- N: C'est tout de même un mot très fort. répulsion.
- T: Oui, c'est un mot fort mais, vous savez, c'est presque un mécanisme quasi sociologique; je pense à la théorie des groupes de LIE: BOURBAKI, à l'époque, ne parlait que de ça, dans les années 1955 et tous les gens étaient très excités au fond, moi, j'ai toujours eu un peu cet espèce de sentiment que, quand une théorie est trop adulée, je préfère ne pas m'en occuper; c'est comme quand une femme est trop belle, elle a trop de soupirants, eh ! bien, en général, ça m'apparait comme un obstacle insurmontable. Il y a des théories qui ont été trop courtisées et quand une théorie était trop courtisée, je m'en écartais ...
- N: Pourquoi ?
- T: Ah ! je ne sais pas; peut-être parce que justement j'avais le sentiment de n'être pas à la hauteur de la compétition, d'une part, et puis peut-être aussi le sentiment qu'on pouvait faire aussi bien ailleurs dans des zones qui étaient moins connues.
- N: Vous comparez les mathématiques à une femme ...

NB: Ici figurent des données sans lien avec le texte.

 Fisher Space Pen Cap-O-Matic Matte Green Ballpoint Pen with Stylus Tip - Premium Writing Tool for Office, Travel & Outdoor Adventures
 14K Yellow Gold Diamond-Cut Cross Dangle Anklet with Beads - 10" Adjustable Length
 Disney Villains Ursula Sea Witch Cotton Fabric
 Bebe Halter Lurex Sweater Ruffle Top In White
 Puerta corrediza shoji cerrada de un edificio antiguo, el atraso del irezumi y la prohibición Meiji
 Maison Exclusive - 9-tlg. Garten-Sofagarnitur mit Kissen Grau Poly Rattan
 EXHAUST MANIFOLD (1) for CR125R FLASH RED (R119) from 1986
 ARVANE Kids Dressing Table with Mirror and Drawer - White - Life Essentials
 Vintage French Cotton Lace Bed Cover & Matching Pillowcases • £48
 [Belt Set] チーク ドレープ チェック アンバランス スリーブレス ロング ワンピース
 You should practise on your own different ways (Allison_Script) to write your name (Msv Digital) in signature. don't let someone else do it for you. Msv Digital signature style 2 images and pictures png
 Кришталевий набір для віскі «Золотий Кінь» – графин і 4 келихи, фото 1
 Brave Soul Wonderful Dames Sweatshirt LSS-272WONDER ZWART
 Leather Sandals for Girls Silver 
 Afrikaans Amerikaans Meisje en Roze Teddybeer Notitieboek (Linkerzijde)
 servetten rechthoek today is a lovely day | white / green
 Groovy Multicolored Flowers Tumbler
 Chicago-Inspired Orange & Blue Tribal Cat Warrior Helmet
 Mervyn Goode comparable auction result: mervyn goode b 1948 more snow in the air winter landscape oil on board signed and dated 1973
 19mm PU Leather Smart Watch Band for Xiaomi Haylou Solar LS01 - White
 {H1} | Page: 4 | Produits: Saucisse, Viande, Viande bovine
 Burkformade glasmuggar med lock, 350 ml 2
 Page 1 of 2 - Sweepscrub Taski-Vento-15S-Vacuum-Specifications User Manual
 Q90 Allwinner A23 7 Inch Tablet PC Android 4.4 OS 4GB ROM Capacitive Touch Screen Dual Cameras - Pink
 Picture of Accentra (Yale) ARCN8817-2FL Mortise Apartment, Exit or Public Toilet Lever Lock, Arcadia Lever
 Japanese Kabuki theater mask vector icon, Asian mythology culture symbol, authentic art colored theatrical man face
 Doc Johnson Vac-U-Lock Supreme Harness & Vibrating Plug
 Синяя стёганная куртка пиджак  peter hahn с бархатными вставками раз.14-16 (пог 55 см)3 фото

- T: Oui, ce n'est peut-être pas absolument dépourvu de fondement ... il y a des théories anguleuses et des théories rondes. Enfin la chose n'est peut-être pas correcte, je dirais plutôt qu'il y a des théories propres et des théories sales, et moi j'ai toujours plus de sympathie pour une théorie sale. Les théories propres sont les théories où les choses se présentent bien, où les concepts sont clairement définis, les problèmes plus ou moins bien définis également. Tandis que les théories sales sont les théories où on ne sait pas très bien où l'on va, on ne sait pas comment organiser les choses et où sont les principales directions etc. De ce point de vue là, en effet, je n'ai jamais été Bourbakiste, parce que BOURBAKI aime les choses propres; moi, je pense qu'il faut se salir les mains et même davantage parfois en mathématiques.
- N: Davantage ?
- T: Oui, enfin, je veux dire plus que les mains (rires).